Mas o assunto do post, após tanto tempo de inatividade do blog, não é agitprop. É uma observação que gostaria de fazer, justamente sobre os conflitos no mundo islâmico. Deixando claro que não pretendo fazer -o que não quer dizer que o risco não exista- como os "orientalistas" de Edward Said, que abordam o tema através de suas preconceituosas e estereotipadas lentes de ocidentais.

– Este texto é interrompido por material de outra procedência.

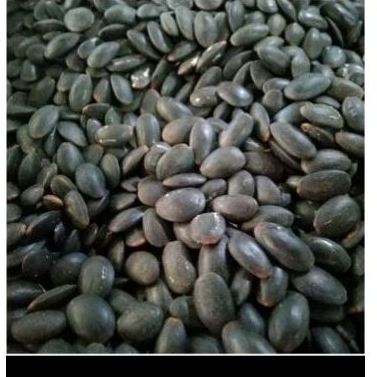 

Biji Kedawung 100gr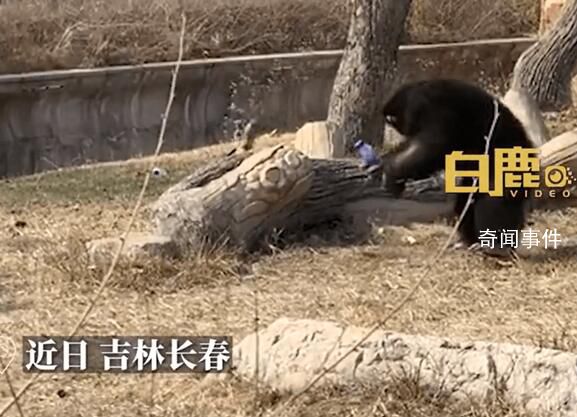 猩猩被游客扔瓶子砸头后扔回反击 目前猩猩身体状况并无大碍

A observação é a seguinte: o dito fundamentalismo islâmico moderno nada mais é que expressão de dada circunstância histórico-material. É uma obviedade dizer isso, claro, mas nunca é demais repetir certas platitudes (nome de um de meus outros blogs, aliás). A Irmandade Muçulmana surge no Egito no fim dos anos 20 como forma de resistência contra a presença britânica e os valores ocidentais. Quando o Hamas, em sua constituição, se declara um braço da Irmandade, traz o espírito para a Palestina ocupada, dentro da resistência diante do sionismo. Os jovens montanheses pobres do Afeganistão poucos horizontes possuem senão se engajar numa milícia armada; a analogia com a garotada proletária das favelas do Rio de Janeiro me parece evidente. É preciso a válvula de escape para a frustração e a pobreza. O Islã, nesse caso, cumpre esse papel.